Yılmaz, Türkiye'nin yıllık 100 tonluk altın üretme kapasitesine ulaştığında, ihtiyacının yarısına yakın kısmını kendisinin üretmiş olacağına dikkati çekerek, altın üretiminin artması için izinlere ilişkin süreçlerin kolaylaştırılmasını talep etti.
Yerli altın üretiminin ülke ekonomisine çok ciddi katkı yapacağına işaret eden Yılmaz, "Şu anda biz ülkenin ihtiyacının 200 tonda 35 tonunu karşılayabiliyoruz. Bunu 100 tona kadar karşılayabiliriz. Elimizde 18 proje var. Yeri, ismi belli ve fizibilitesi yapılmış bu 18 projeyi hayata geçirdiğimizde Türkiye zaten otomatikman yılda 100 ton altın üretebilir hale geliyor." ifadelerini kullandı.

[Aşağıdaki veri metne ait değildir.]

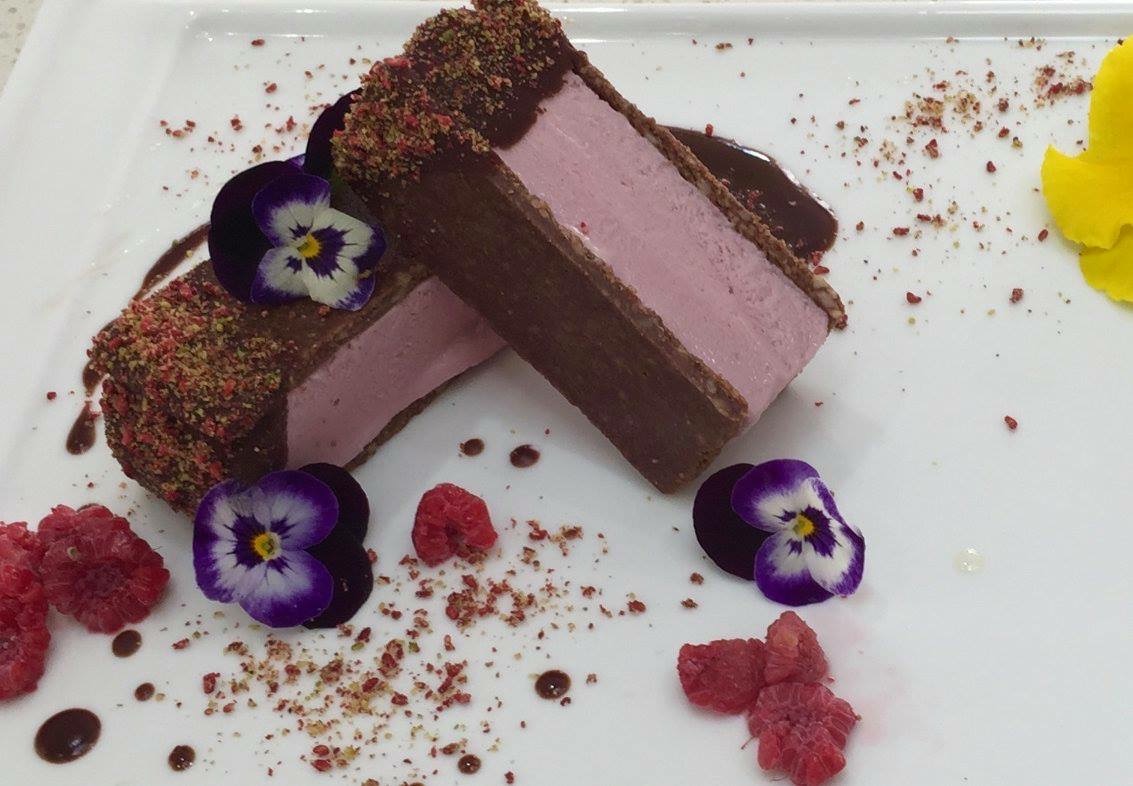 Raspberry chocolate mousse slice with edible pansies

Yılmaz, altının anlık fiyatının Londra Külçe Piyasaları Birliğinde (LBMA) belirlendiğini belirterek şunları kaydetti: "Orada belirlenen fiyatı burada Türk lirasına dönüştürüyoruz ki o liraya dönüşü de Merkez Bankası kendi kurundan yapıyor. Günlük kur neyse altın fiyatı neyse bu kur üzerinden doları Türk lirasına döndürüyoruz ve altını Merkez Bankamıza Türk lirası ile satıyoruz. Merkez Bankasının ön alım hakkı, ülkemiz için çok önemli. Çünkü altına vereceği dövizi altına vermek yerine, Türk lirası ile aldığı için döviz Merkez Bankası rezervlerinde ülkenin enerji ve akaryakıt gibi temel ihtiyaçları için kullanılıyor. Merkez Bankası, yurt dışında altın için giden dövizi ülke içinde, ülkenin ihtiyaçları için kullanma şansını elde ediyor. Ülke kaynaklarının dışarıya akmasının önüne geçmesinin yolu, kendi ülkemizdeki kaynaklarımızı üretip ekonomimize kazandırmak."

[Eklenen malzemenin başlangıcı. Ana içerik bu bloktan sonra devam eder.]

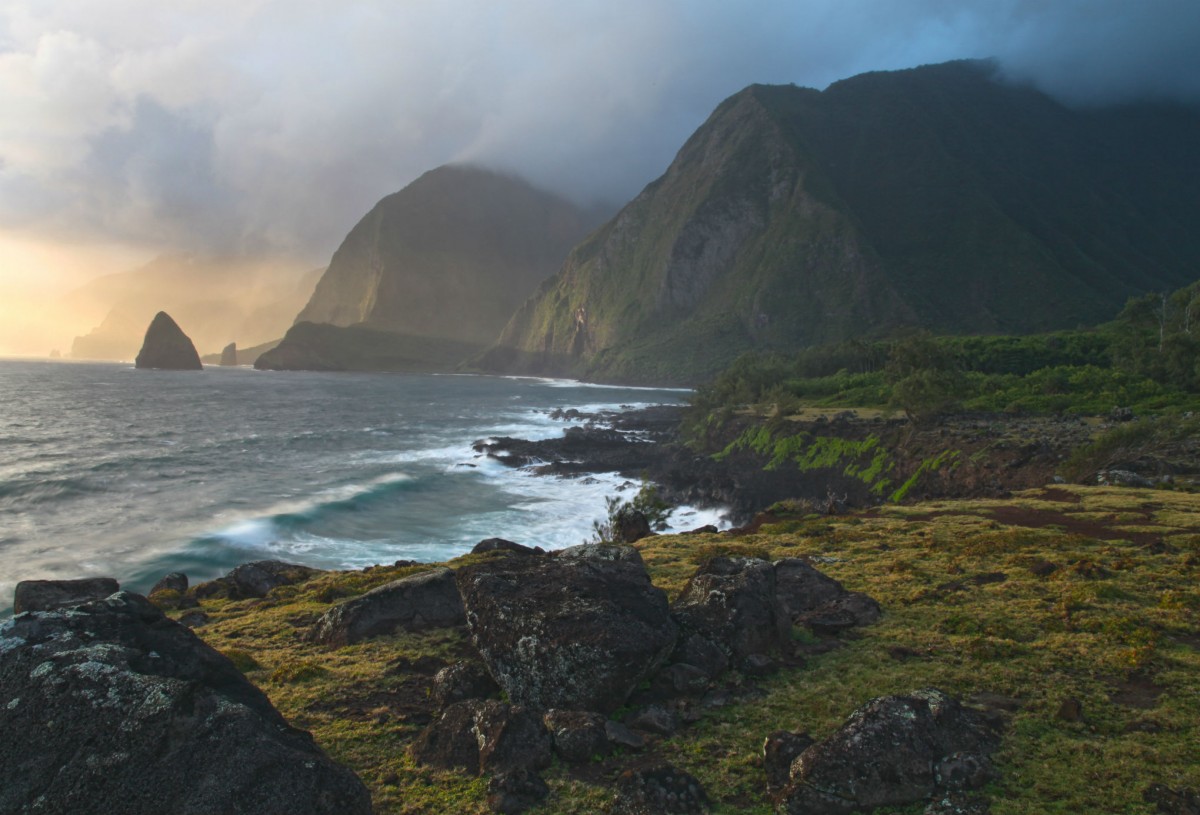 Mountains rise above an ocean shoreline at sunset.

Altın üreten firmalar arasında yerli ya da yabancı ayrımı olmadığını vurgulayan Yılmaz, "Türkiye'de Türk şirketleri var. Bunlar yabancı sermayeli olabilir, yerli sermayeli olabilir. Mevzuat açısından hiçbir ayrıcalık söz konusu değildir. Merkez Bankasının ön alım hakkı da dahil birebir aynı mevzuata tabiler. Altın üretiminin yüzde 50'si yerli, yüzde 50'si yabancı sermayeli şirketlerce yapılıyor." dedi.